Hujan deras selama beberapa hari di Yogyakarta membuat aliran air di Sungai Code yang membelah kota makin pekat. Sore itu HIDUP sempat melihat kawasan Code yang berada di wilayah Kotabaru, Yogyakarta. Kawasan Code dan Kedungombo sulit dilepaskan dari jejak sejarah karya Romo Yusuf Bilyarta Mangunwijaya alias Romo Mangun. Ketiganya merupakan kesatuan tak terpisahkan, dan menarik dibicarakan bahkan saat kepergiannya sudah menginjak 25 tahun.

Romo Mangun lahir di Ambarawa pada 6 Mei 1929. Sulung 12 bersaudara pasangan suami istri Yulianus Sumadi dan Serafin Kamdaniyah ini menempuh pendidikannya di HIS Fransiscus Xaverius, Muntilan Jawa Tengah, lalu melanjutkan ke STM Jetis Yogyakarta. Kedatangan penjajah Jepang membuatnya terlibat dalam pergerakan. Ia mendaftar tentara dan diterima sebagai prajurit TKR Batalyon X Divisi III dan bertugas di asrama militer di Benteng Vrederburg, lalu di Kotabaru Yogyakarta.

Ada dua pertempuran yang dilibatinya, di Ambarawa dan Mranggen. Setelah perang usai ia kembali ke STM Jetis hingga lulus (1947). Saat agresi militer Belanda I, ia tergabung dalam TP Brigade XVII sebagai komandan kompi TP Kompi Kedu. Setelah perang usai, ia melanjutkan studi ke Malang (1947-1951). Ia juga menjadi anggota TKR karena semangat juangnya tinggi. Dalam sebuah upacara bendera, ia mendengar perkataan Mayor Isman yang memengaruhinya. Perkataan itu menyadarkannya bahwa dalam perang, yang paling berjasa atau pahlawan sesungguhnya adalah rakyat. Karena itu, ia ingin membayar utang kepada rakyat dengan memberikan hidupnya bagi rakyat. Hal itu dilakukannya dengan memilih panggilan hidup sebagai imam projo KAS.

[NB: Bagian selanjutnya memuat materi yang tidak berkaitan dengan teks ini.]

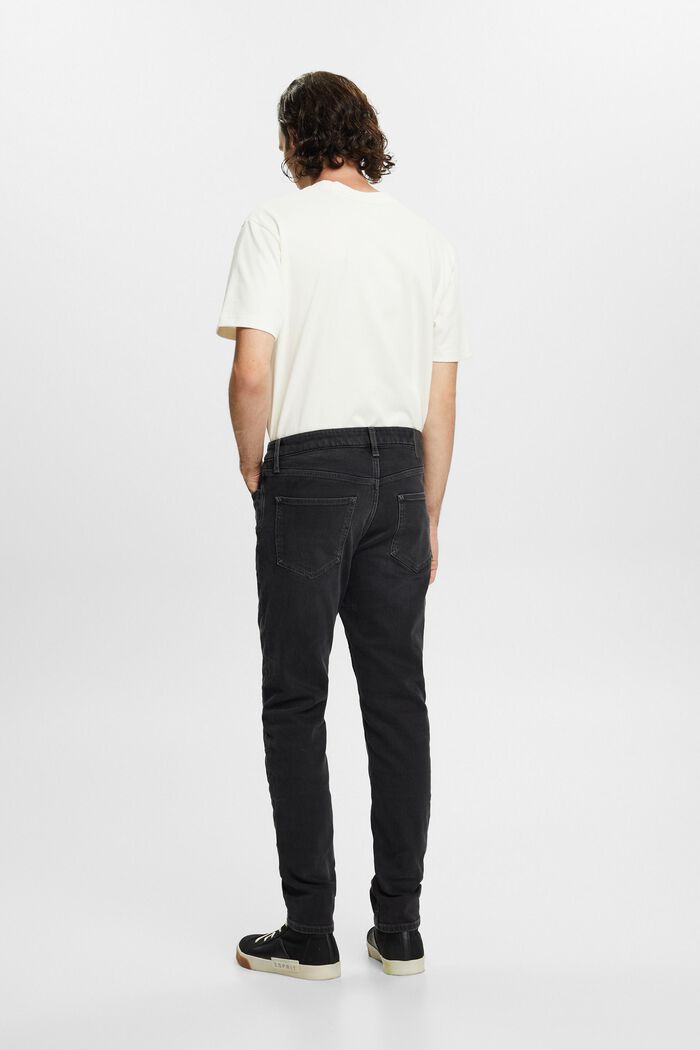 Regular avsmalnande jeans med medelhög midja, BLACK DARK WASHED, detail image number 3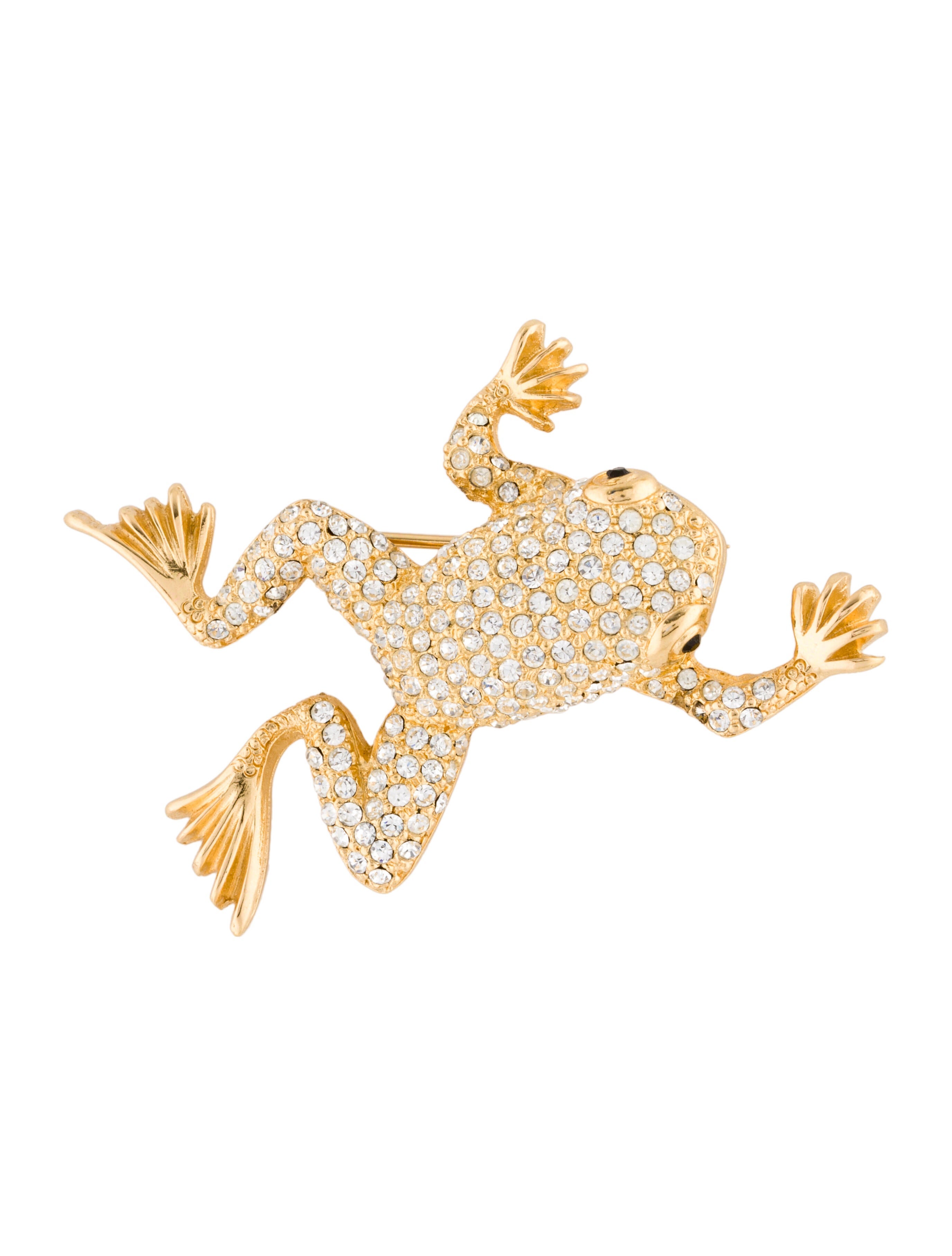 Christian Dior Vintage CrystalEncrusted Frog Brooch Black, Gold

Tahun 1951 ia masuk ke seminari dan melanjutkan hingga ditahbiskan sebagai imam pada 8 September 1959 oleh Mgr. Albertus Soegijapranata, SJ. Perutusan studi arsitektur dijalaninya dengan taat, termasuk ketika studi di Jerman. Tahun 1960 setelah lulus dari ITB, ia melanjutkan studi arsitektur di Rheinisch Westfaelische Technische Hochschule di Aachen Jerman dan lulus pada tahun 1966. Ia sempat menunggui saat Uskup Soegijapranata wafat di biara pusat suster Penyelenggaraan Ilahi di Harleen, Belanda (1963).

Romo Mangun juga dikenal karena tulisannya. Ia menghasilkan banyak esai, cerpen, juga novel sastra yang diminati. Ada beberapa penghargaan yang dterimanya dari hasil menulis, misalnya Piala Kincir Emas dari radio Nederland (1975). Kebanyakan tulisannya bertema agama, kebudayaan, dan teknologi yang dimuat di beberapa media. Beberapa novelnya masih dibicarakan saat ini karena topiknya aktual dan identik dengan perjuangan kemanusiaannya.

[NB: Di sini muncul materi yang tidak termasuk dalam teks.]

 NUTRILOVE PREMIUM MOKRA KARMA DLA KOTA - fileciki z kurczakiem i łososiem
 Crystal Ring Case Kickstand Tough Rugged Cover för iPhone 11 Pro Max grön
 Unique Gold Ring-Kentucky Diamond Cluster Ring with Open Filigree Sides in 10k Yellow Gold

Romo Y.B. Mangunwijaya (paling kanan) bersama KH Abdurrahman Wahid (kiri) dan Ashadi Siregar (tengah) (Foto: Dok HIDUP)

Setelah kembali ke Indonesia, ia bertugas sebagai imam di Paroki Salam, Jawa Tengah. Selain sebagai pastor paroki, ia juga menjadi dosen luar biasa di Arsitektur UGM. Pada saat inilah (1967-1980) ia mulai menjalin hubungan baik dengan tokoh lintas agama. Gus Dur dan Gedong Bagoes Oka merupakan sahabat berdiskusinya, selain B.J. Habibie teman baiknya sejak studi di Jerman.

Romo Mangun sangat cair dalam berelasi dengan pemeluk agama lainnya. Karya sosialnya dipicu oleh kepesertaannya dalam Fellow of Apsen Institute for Humanistic Studies di Aspen Colorado AS. Ia mendampingi warga Code yang terancam penggusuran dan membantu mengubah kualitas hidup mereka.

Keterlibatan ini membuatnya menerima The Aga Khan Award (1992) atas perbaikan arsitektur pemukiman warga Code. Berikutnya, ia mendampingi warga Kedungombo, Sragen Jawa Tengah yang menjadi korban pembuatan waduk.

Kedungombo

Pembangunan waduk Kedungombo seluas 6500 hektar mengambil alih tanah warga seluas 3500 hektar. Namun, uang penggantian dikorup sehingga menimbulkan perselisihan. Ketika proses pengaliran air dilakukan, banyak warga yang bertahan karena persoalan ganti rugi belum selesai. Akibatnya warga terisolir dan lebih dari 3000 anak menjadi korban telantar pendidikannya. Demikian juga kehidupan warga sangat membutuhkan bantuan, sementara ada pihak yang menghalangi masuknya bantuan bagi warga.

Romo Mangun menulis, “Kami memanggil dengan penuh kepercayaan, relawan-relawati cintawan, demi 3500 anak terlantar di Kedungombo yang sedang digenangi. Untuk bergilir menolong mereka sebagai abang-kakak-guru-pengasuh, dsb,” ditandatangani bersama 5 orang lainnya. Surat itu berhasil mendatangkan simpati dan bantuan bagi warga. Romo Mangun juga menyampaikan dalam suratnya kepada pejabat pemerintah, “Mana mungkin saya selaku rohaniwan menolak jeritan mereka dalam kegelapan dan kebingungan mereka. Dosa besar rasanya bila berdiam diri.”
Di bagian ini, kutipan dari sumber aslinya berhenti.